▶ [What you will do]
What is needed is an exact copy of the records below, with the pictures left out.

(Dataset excerpts)
┄┄┄┄┄┄
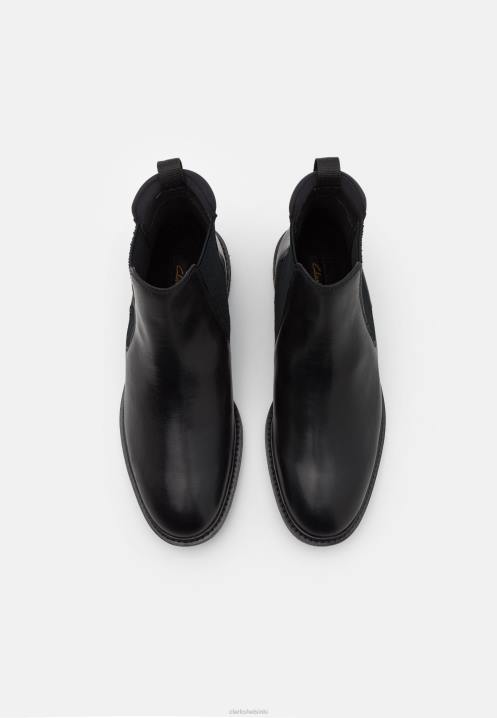 mustat clarks clarkdale hall klassiset nilkkurit Clarks sukupuolineutraali 2DHN7163 musta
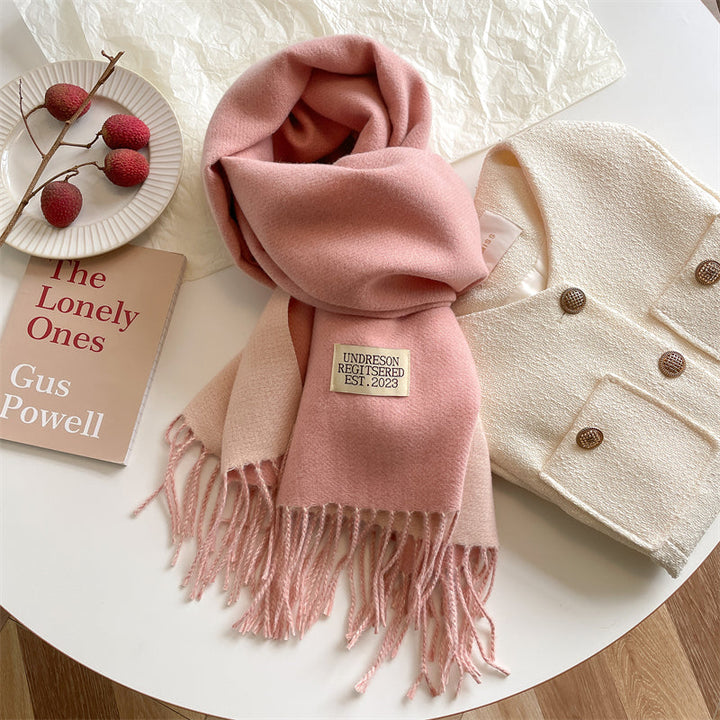 Reversible Pashmina Scarf - Elena-Light Pink-Nora Luxe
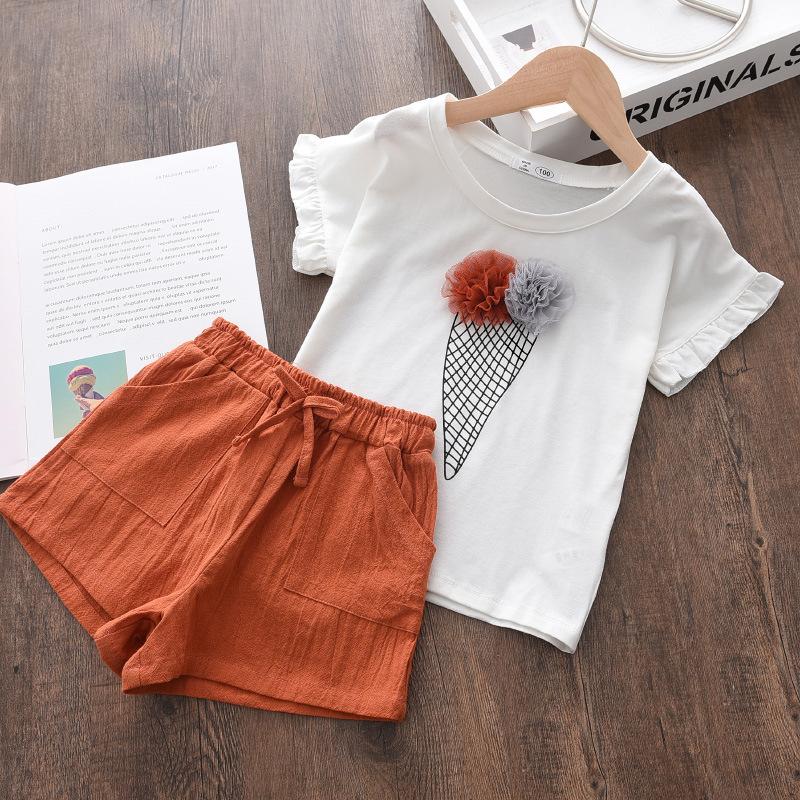 Ice cream cone made t-shirt and shorts set
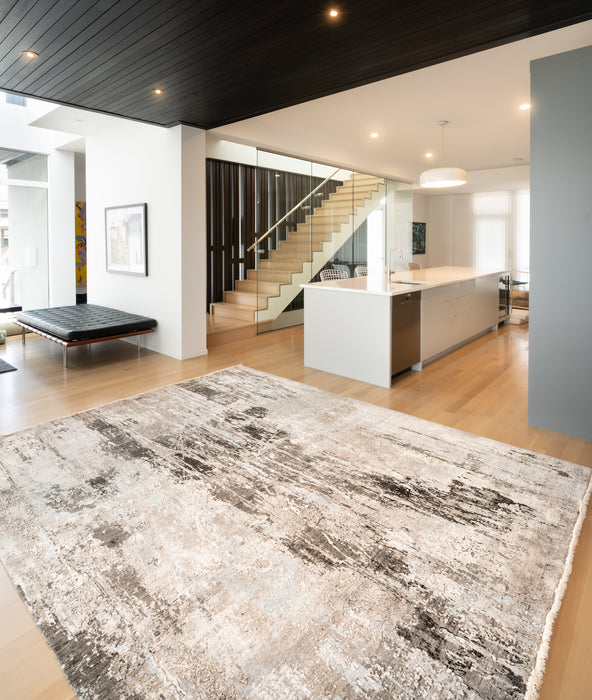 Twilight 8x10 Dark Blue Wool and Silk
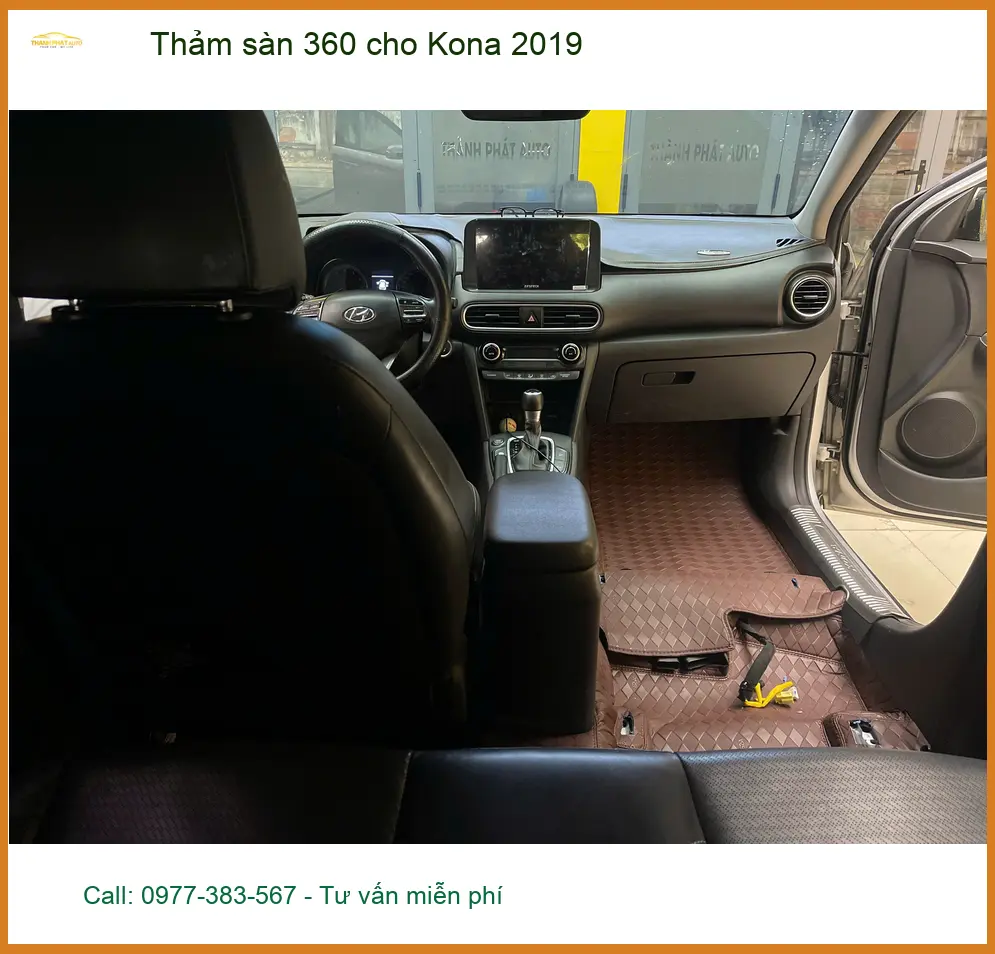 Anh Tùng lắp thảm sàn 360 cho Kona 2019 tại Quận Thủ Đức vì thảm cũ khó vệ sinh ảnh thực tế 5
┄┄┄┄┄┄
▶ [Answer to this exercise]
 mustat clarks clarkdale hall klassiset nilkkurit Clarks sukupuolineutraali 2DHN7163 musta
 Reversible Pashmina Scarf - Elena-Light Pink-Nora Luxe
 Ice cream cone made t-shirt and shorts set
 Twilight 8x10 Dark Blue Wool and Silk
 Anh Tùng lắp thảm sàn 360 cho Kona 2019 tại Quận Thủ Đức vì thảm cũ khó vệ sinh ảnh thực tế 5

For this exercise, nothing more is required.